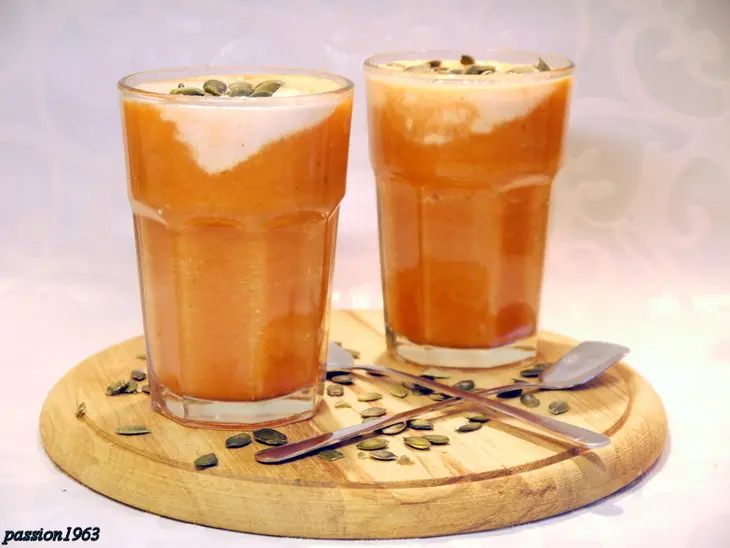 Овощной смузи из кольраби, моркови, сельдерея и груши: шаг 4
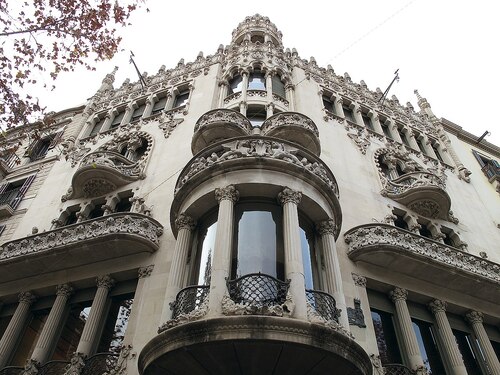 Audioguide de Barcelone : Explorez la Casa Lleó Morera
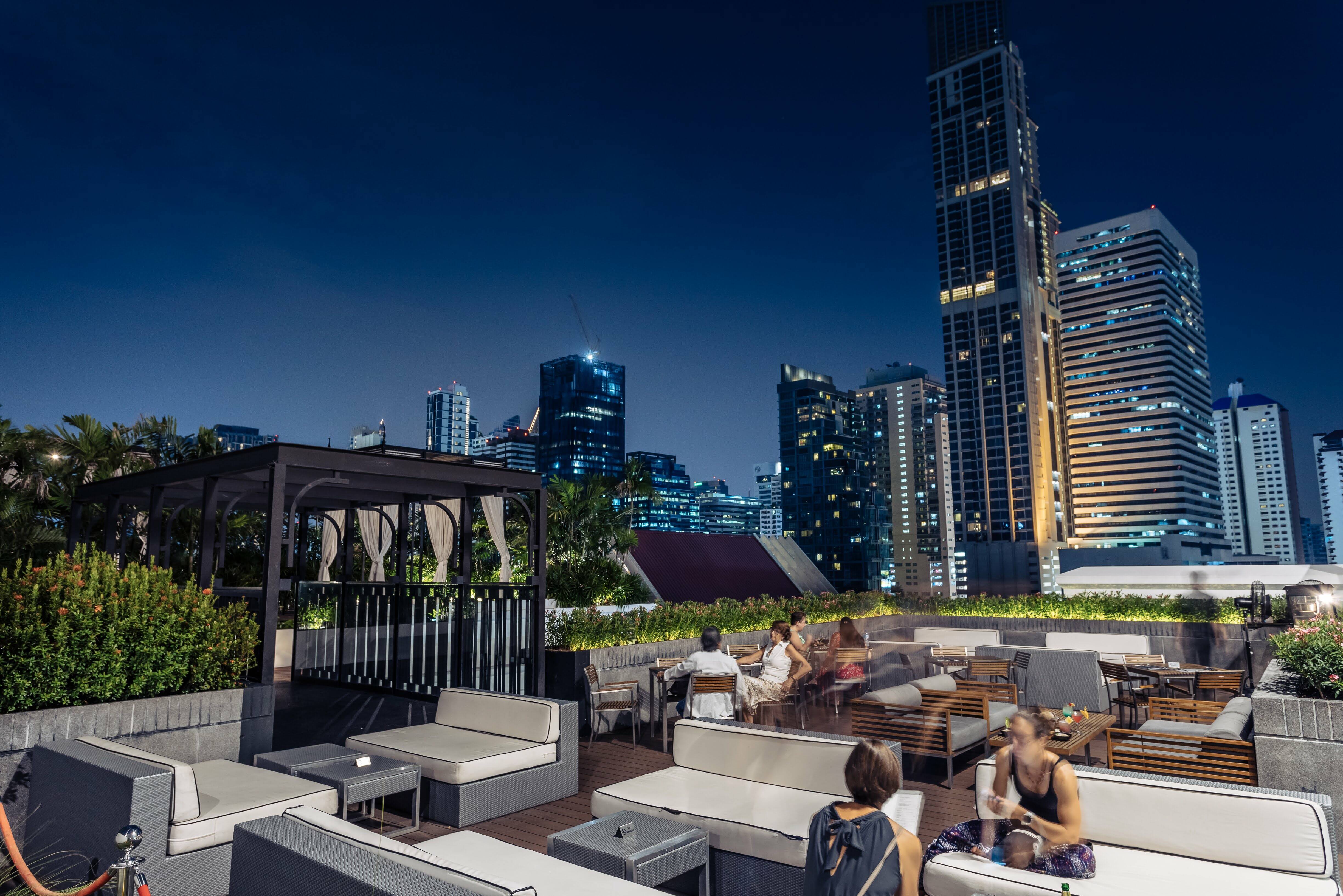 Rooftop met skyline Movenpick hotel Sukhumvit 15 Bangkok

━━━━━━━━━━━━━━━━━━━━━━━━━━━━━━

[Work instruction]: Set down the line containing "Audioguide de Barcelone : Explorez", then every later line through the end of the material, exactly as written; omit any picture.

[The answer]:
 Audioguide de Barcelone : Explorez la Casa Lleó Morera
 Rooftop met skyline Movenpick hotel Sukhumvit 15 Bangkok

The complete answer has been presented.